A handful of scrips are on analysts’ radar following September quarter earnings. Some of the companies’ have beaten the consensus estimates by a good margin. In other instances, stocks look reasonably valued, even as the Q2 results were mostly in line with expectations. Here are a couple of stocks that analysts are recommending investors to buy for long-term gains.
Jubilant FoodWorks | Elara Securities | Target Rs 840
Post Q2 results, Elara Securities has revised its earnings estimates for Jubilant FoodWork by 4.3 per cent for FY23, 2.6 per cent for FY24 and 2.4 per cent for FY25 after factoring in slightly better revenue growth helped by sustained expansion.
The brokerage finds Jubilant FoodWorks fairly valued at 24.8 times FY24 EV/Ebitda, even as the stock has moved up 12 per cent in the past three months in anticipation of better growth despite increased competition.
“We expect Jubilant FoodWorks to come back on track and outperform the industry’s average growth on the same store sales growth (SSSG) front, led by better growth in delivery vs peers in the medium term,” It said.
Bank of Baroda | Nomura India | Target Rs 170
Nomura India has maintained its ‘Buy’ rating on the stock with a target of Rs 170. At this target price, the the implied price to book value (PBV) is 1 time September 2023. Nomura said the stock currently trades at 0.9 times PBV. This is against a 10-year average of 1.2 times.
“Improvement in loan growth, and stability in NIM and lower credit costs would be key catalysts, in our view. Risks: Competitive pressures driving lower yields, inability to maintain revenue momentum, and loan market share vis-à-vis peer banks, and increased asset quality worries,” it said.
Coal India | Motilal Oswal | Target Rs 325
Motilal Oswal said it has a target of Rs 325 on Coal India, which is above the consensus estimates.
The brokerage said the world has come to terms that fossil fuel cannot be ignored, at least in the near term. Under-investment by the developed economies in the last decade has proven expensive with no alternate sources of Russian NG in sight other than coal, it said.
“Renewables continue to be unreliable with problems either related to availability, costs, storage or safety. As a result, dependence on coal is likely to increase in the near term whether investors prefer the same or not,” it said. This brokerage expects the consensus estimates to soon get upgraded FY23 estimates, driven by strength in the E-auction premiums.

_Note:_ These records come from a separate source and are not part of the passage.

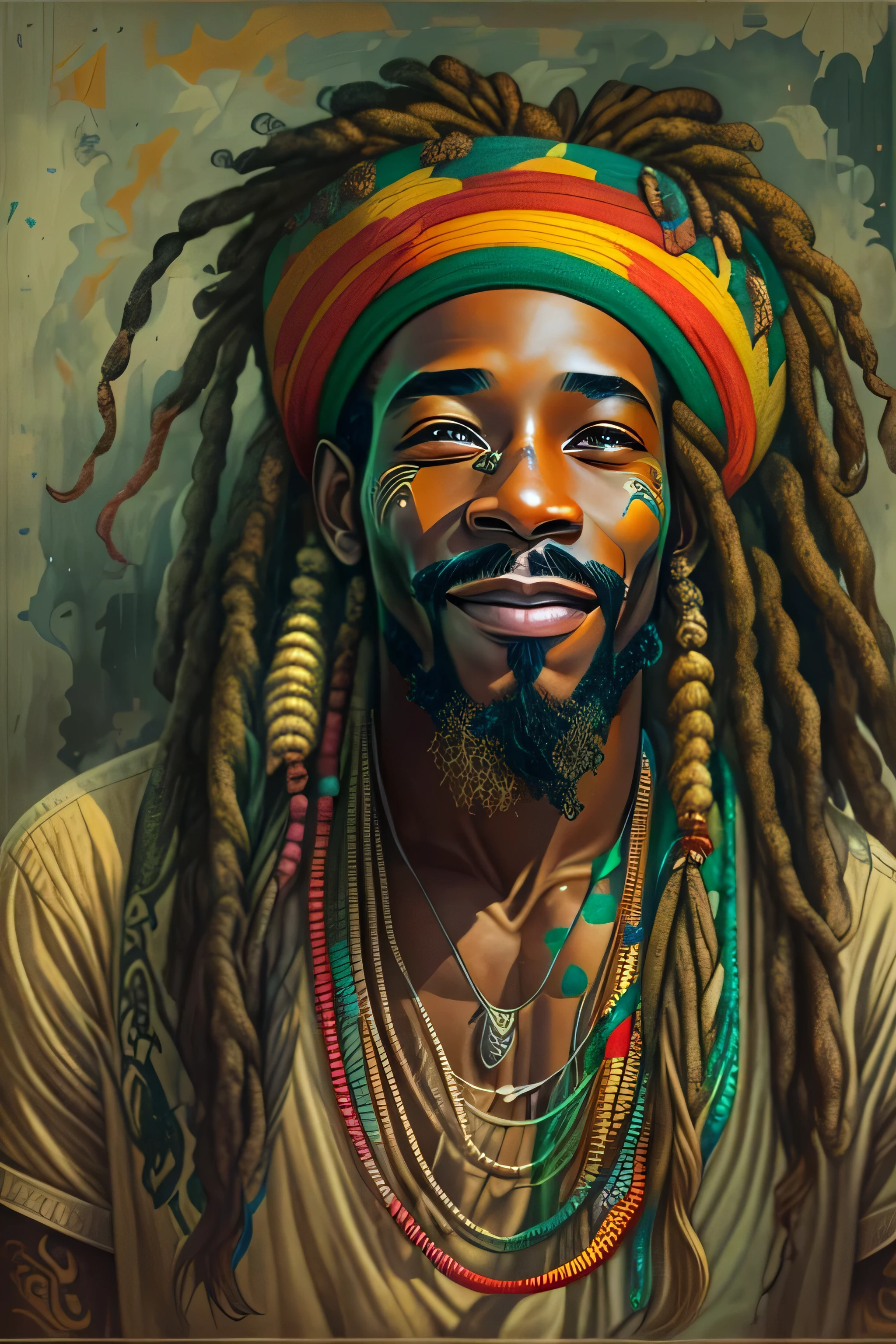 1 homem negro Rastafari sorrindo, muito estiloso, cabelo dreadlocks, olhos claros, Desenho real, tatuagem, cores principais do reggae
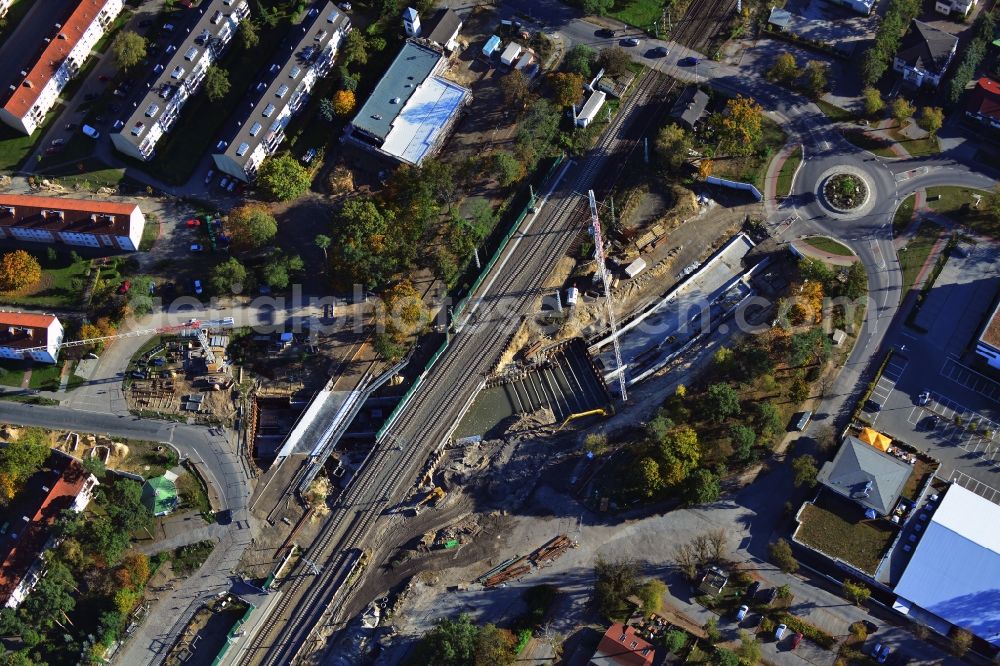 Aerial photograph Rangsdorf - Reconstruction of the Station area and construction of a road underpass - tunnel system in Rangsdorf in Brandenburg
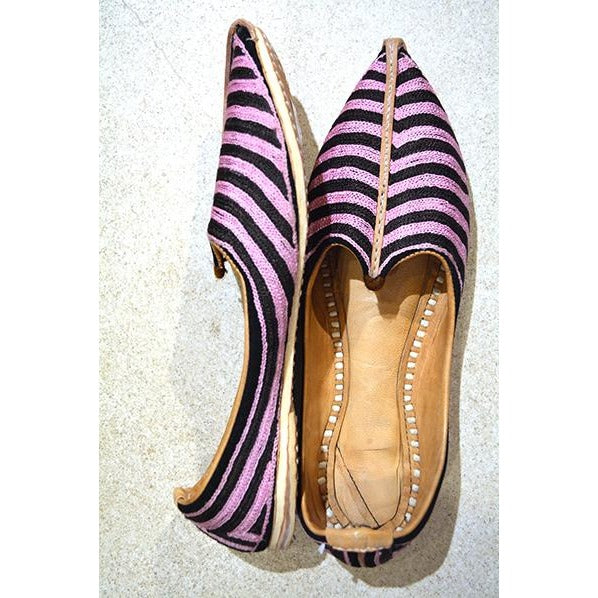 Handmade pink and black shoes - Vintage India NYC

JK Lakshmi Cement | ICICIdirect | Target Rs 780
ICICIdirect said JK Lakshmi Cement’s September quarter results were better than estimates. Higher realisations helped the company to offset the cost partially, it said.
“While growth remain a concern till the time new capacity gets commissioned, cooling down of cost pressure along with increase in renewable energy share remain key positives for margin expansion.

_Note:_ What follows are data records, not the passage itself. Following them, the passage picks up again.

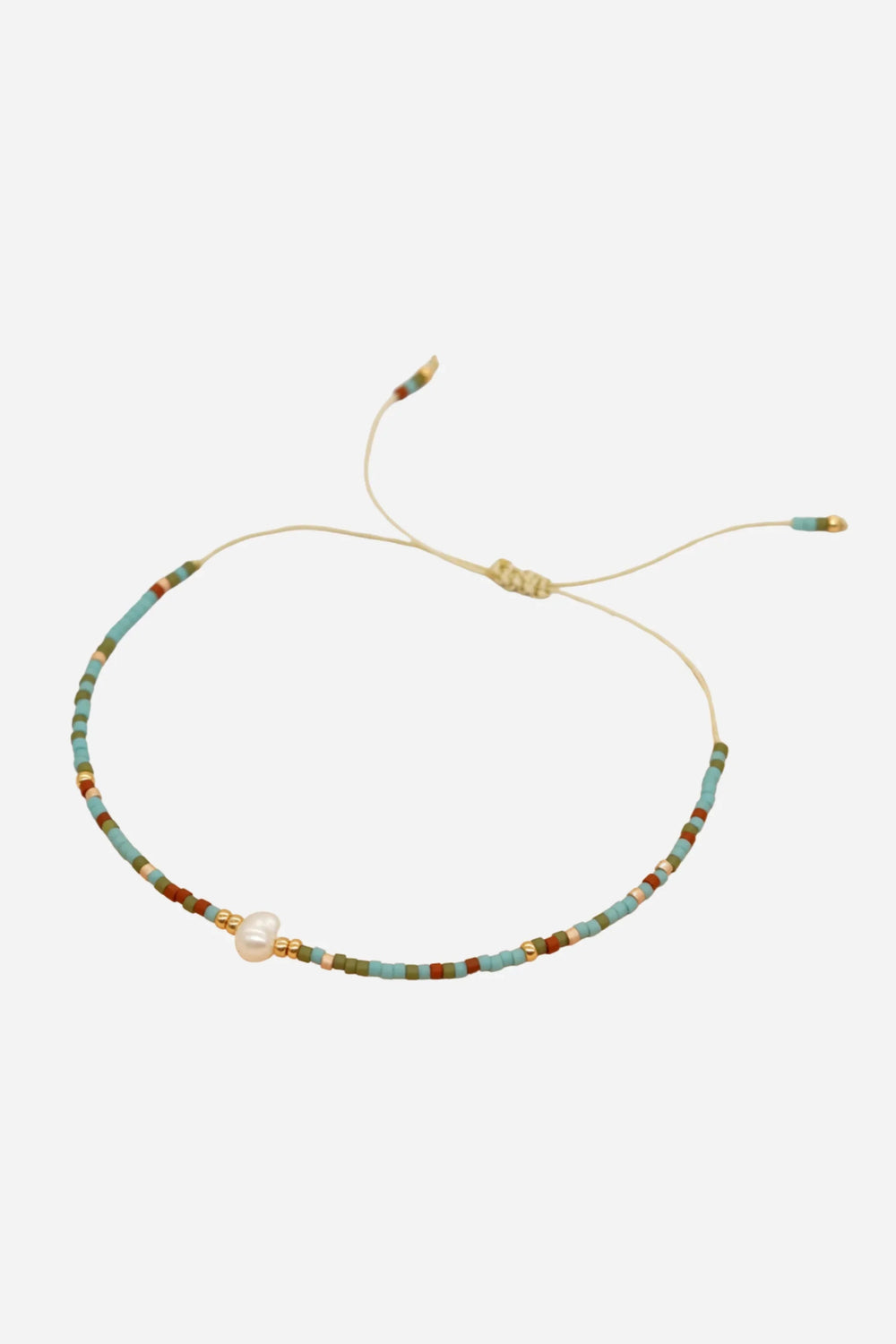 Andcopenhagen - Perlearmbånd - Blå, Brun & Khaki - Holly - Stilkompagniet.dk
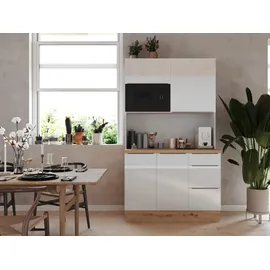 Respekta Buffet RESPEKTA "Safado aus der Serie Marleen", weiß (front: weiß hochglanz, korpus: weiß, arbeitsplatte artisan eiche), B:120cm H:211cm T:60cm, Schränke, Buffet, Breite 120 cm, mit Soft-Close, in exklusiver Konfiguration für OTTO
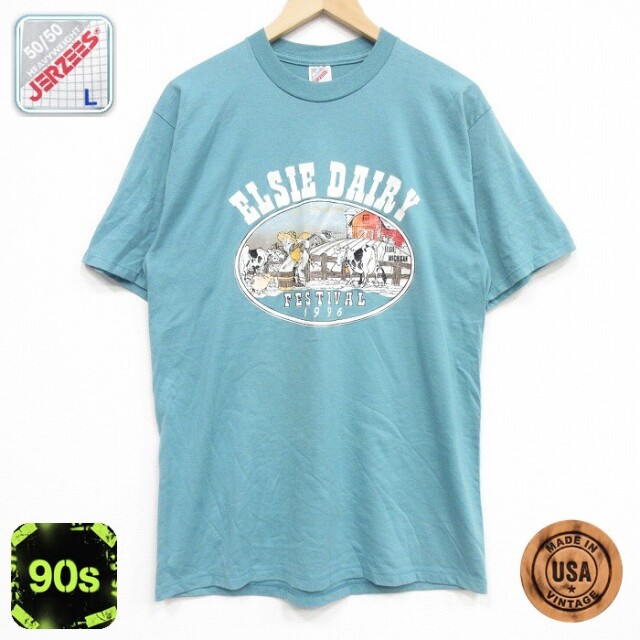 【20%OFF】フルーツオブザルーム 90s 半袖Tシャツ 牛 グリーン メンズL相当 | 古着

Given its comfortable valuations (ie. EV/tonne of $69), we now upgrade the stock from ‘Hold’ to ‘Buy’ despite its sharp rally,” the brokerage said.
The brokerage values the stock at 8.5 times FY24E EV/Ebitda. Balance sheet strength may remain healthy despite ongoing capex of Rs 1,650 crore for its subsidiary unit UCWL, it said.

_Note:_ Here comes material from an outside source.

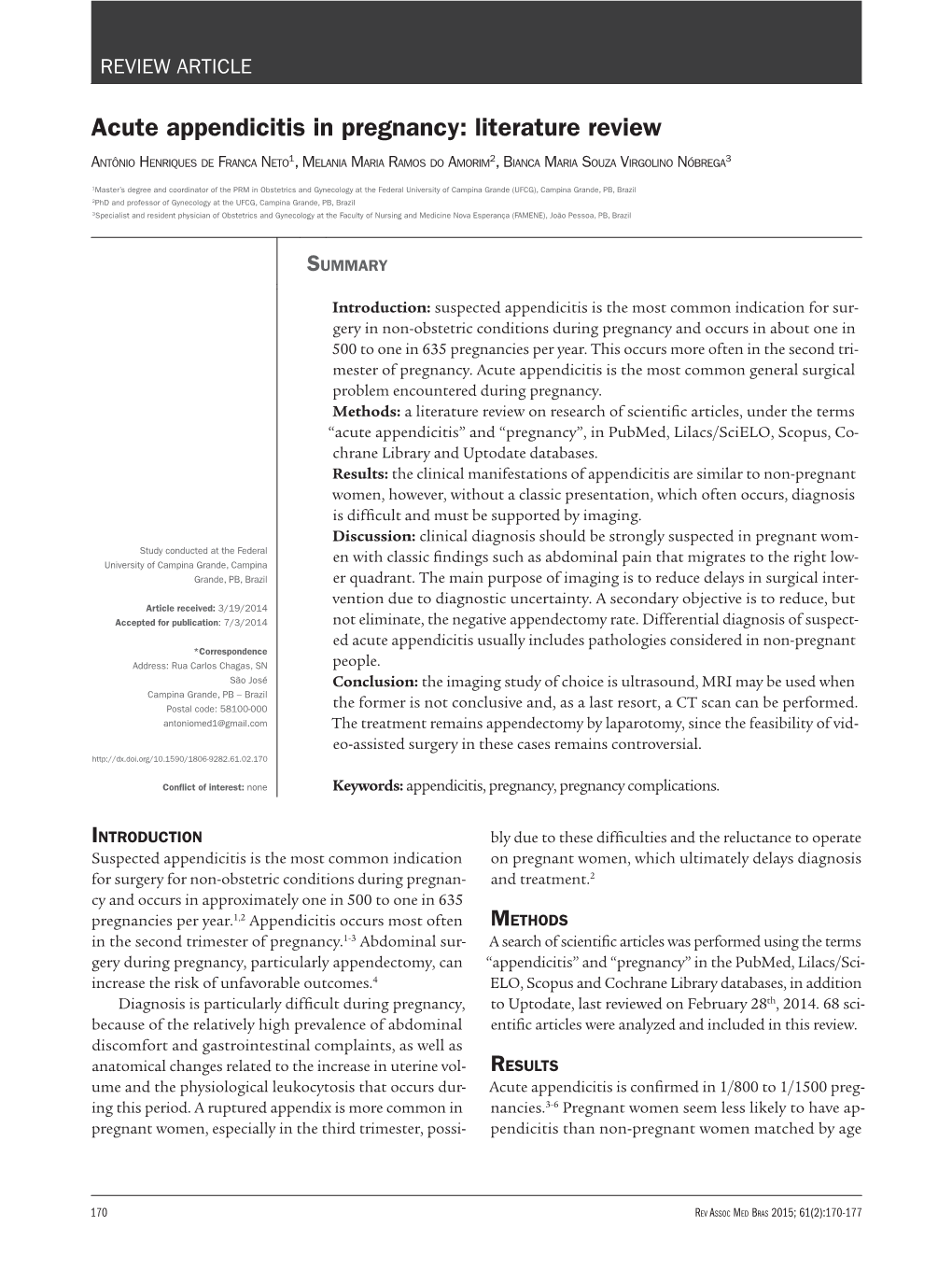 Acute Appendicitis in Pregnancy: Literature Review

Power Grid | Kotak Institutional Equities | target Rs 260
Kotak Institutional Equities said Power Grid’s Q2 results were largely in line with estimates, on the back of modest capex and capitalisation. But the long run-way of growth from potential investment of Rs 2.8 lakh crore by FY2030 provides a large canvas of opportunity with infrastructure investment in renewable generation, it said.
The brokerage acknowledged a modest near-term growth profile of 7 per cent CAGR during FY2022-25E, but it sees an acceleration in new projects on the back of new green opportunities. The brokerage has upped its target on the stock to Rs 260 from Rs 250 earlier. The brokerage finds Power Grid’s PE valuation attractive at 10 times and PBV of 1.8 times on FY2024E earnings. It also likes Power Grid’s dividend yield of 6 per cent. Power Grid offers visibility on earnings growth trajectory as the
company will capitalise on projects, aggregating Rs 45,700 crore in the next few years, Kotak said. It also sees incremental opportunities for Power Grid in green energy corridors.